In your opinion, what implications will Brexit results have on Great Britain-NATO relations?
I don’t consider by that Britain will launch its self-isolation policy, just the contrary, probably, it’ll start to act and participate in European policy as a NATO active player. Not being a EU founder, Great Britain initially was considered main advocate for NATO establishment, and after the cold war—one of the supporters of the Treaty expansion.
I think London will attempt to compensate the gap of withdrawal from the EU, by more activating is participation in NATO programs. Thus, as an instance it’s noteworthy to mention the idea expressed among the British expert community and officials, that British 20th brigade and three separate battalions, withdrawal of which from Germany was planned until 2020, to all probabilities, will stay in Europe and will get new importance and task. Withdrawal of the troops was conditioned by the logic of avoiding big expenditures of keeping them in Europe.
In this context withdrawal of Britain will provide certain free financial and military-technical possibilities. And Britain won’t be obliged to participate in the EU pirate programs in East Africa or EU program of the Balkans, centralizing its power mainly in the context of NATO missions. Thus, during the forthcoming NATO summit to be held in about a week in Warsaw, to all probabilities, we’ll see Great Britain as a state more ready to bear responsibility for European security. London is an active supporter of Enhanced Forward Presence package discussed on February 10 at the meeting of Defense Ministers of NATO member countries (it plans to provide more multi-nation military presence in Baltic countries and Poland) and to be approved in Warsaw summit, is an active supporter and will attempt to manifest great engagement.
Mr. Abrahamyan, how will changes in Britain be reflected in its interests in the South Caucasus, in particular, Armenia-Britain relations?
Britain has had a clear and developed policy and interests in the South Caucasus since the collapse of the Soviet Union.
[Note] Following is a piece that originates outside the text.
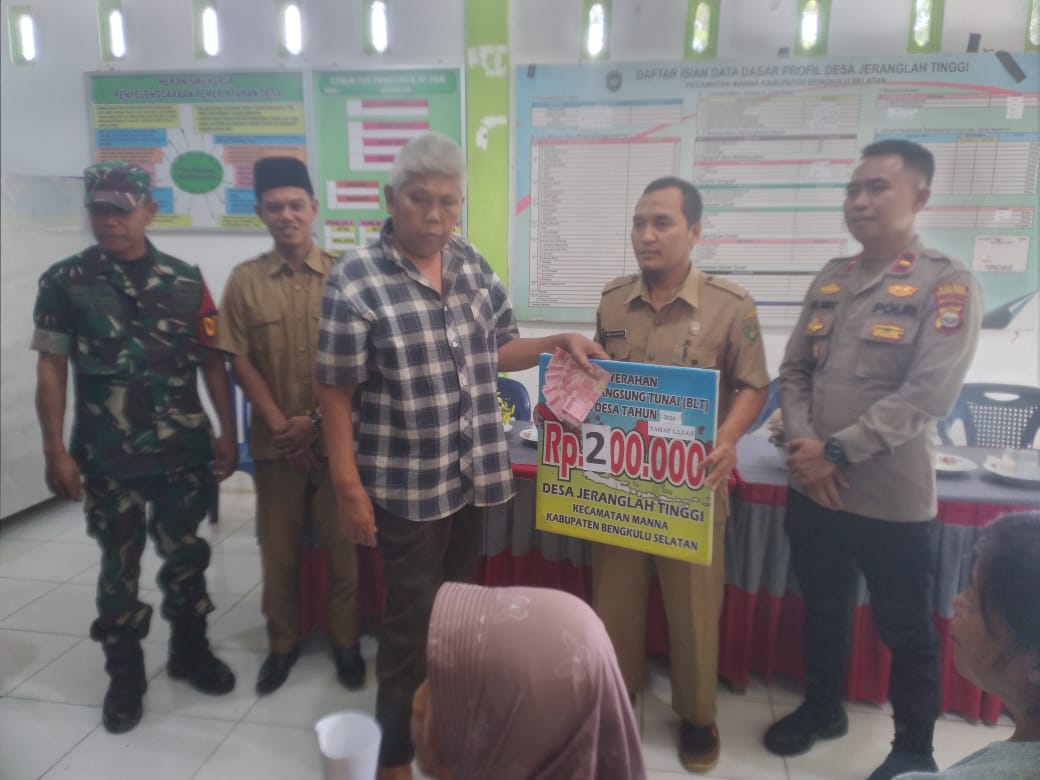 Pemdes Jeranglah Tinggi Salurkan BLT Dana Desa, Pjs Kades Pesan Bantuan Dimanfaatkan untuk Kebutuhan Pokok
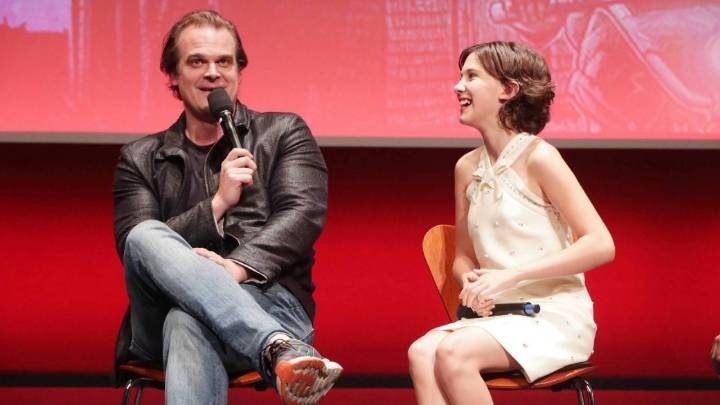 Millie Bobby Brown denuncia por acoso e intimidación al actor David Harbour, reporta medio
First and foremost, it had energy interest in the region and is one of the first countries, oil corporations of which expressed interest towards energy-communication programs of the South Caucasus.
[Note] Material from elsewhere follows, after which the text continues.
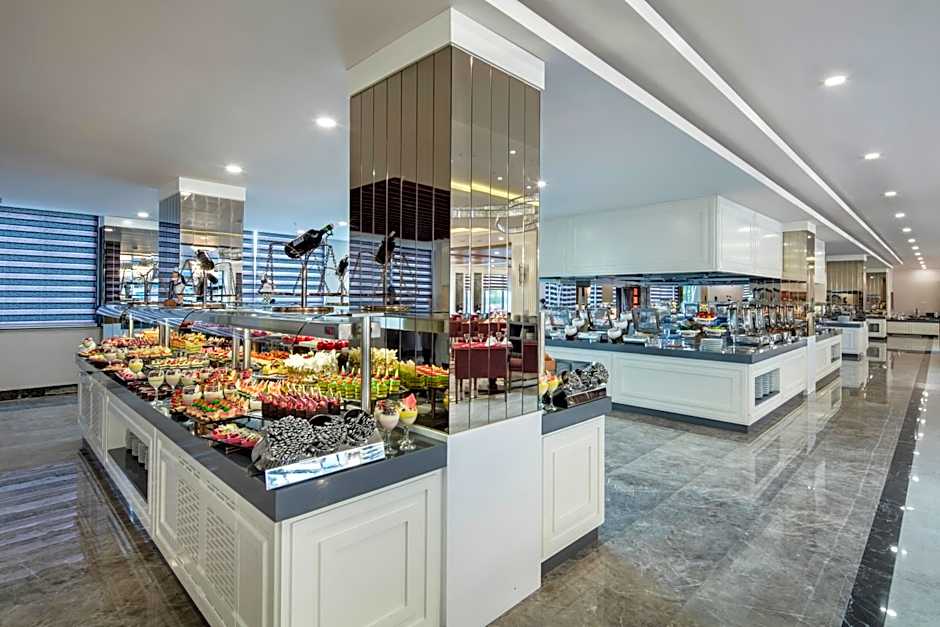 Aydinbey Queen's Palace & Spa - Ultra All Inclusive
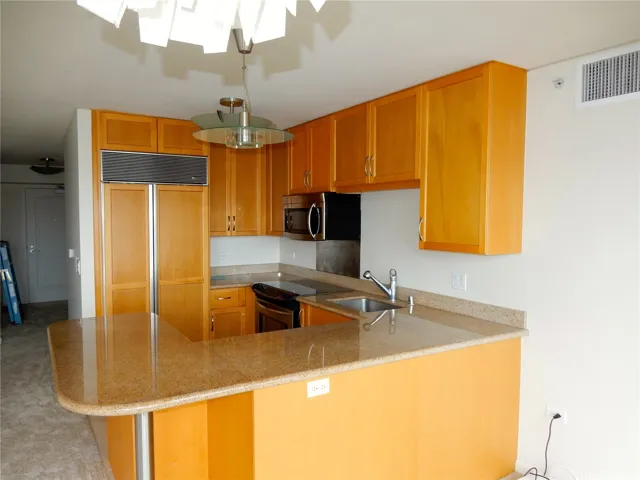 1296 Kapiolani Boulevard Ii703, Honolulu, Hawaii 96814, 3 Bedrooms Bedrooms, ,2 BathroomsBathrooms,Residential Lease,For Rent,Kapiolani,202517294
As for Armenia, Britain, despite scarcity of possibilities, tended to develop active relations with the three countries of the region together. Besides this, I’d single out the developing dynamics of Britain-Armenia military cooperation. As a result of Brexit, if the United Kingdom is more actively engaged with NATO programs, then reconceptualization and expansion of Armenia-Great Britain military-political relations is possible.
There is an accepted mechanism in the North-Atlantic Treaty Organization, pursuant which, candidate-partner state inside the organization has, the so-called supervisor, represented by any influential and solid NATO member country. Member countries of old NATO often introduce interests of candidate-partner within the alliance, or take the burden of implementation of different programs, reforms and requalification assumed by the alliance and the candidate-partner state.
Such a function was assumed, for instance, by the USA and Poland regarding Georgia, Lithuania regarding Ukraine, Turkey and Romania regarding Azerbaijan. In this context Armenia could deepen its ties with Great Britain, up to the field of military industry. Britain could introduce Armenia’s interests and priorities within NATO.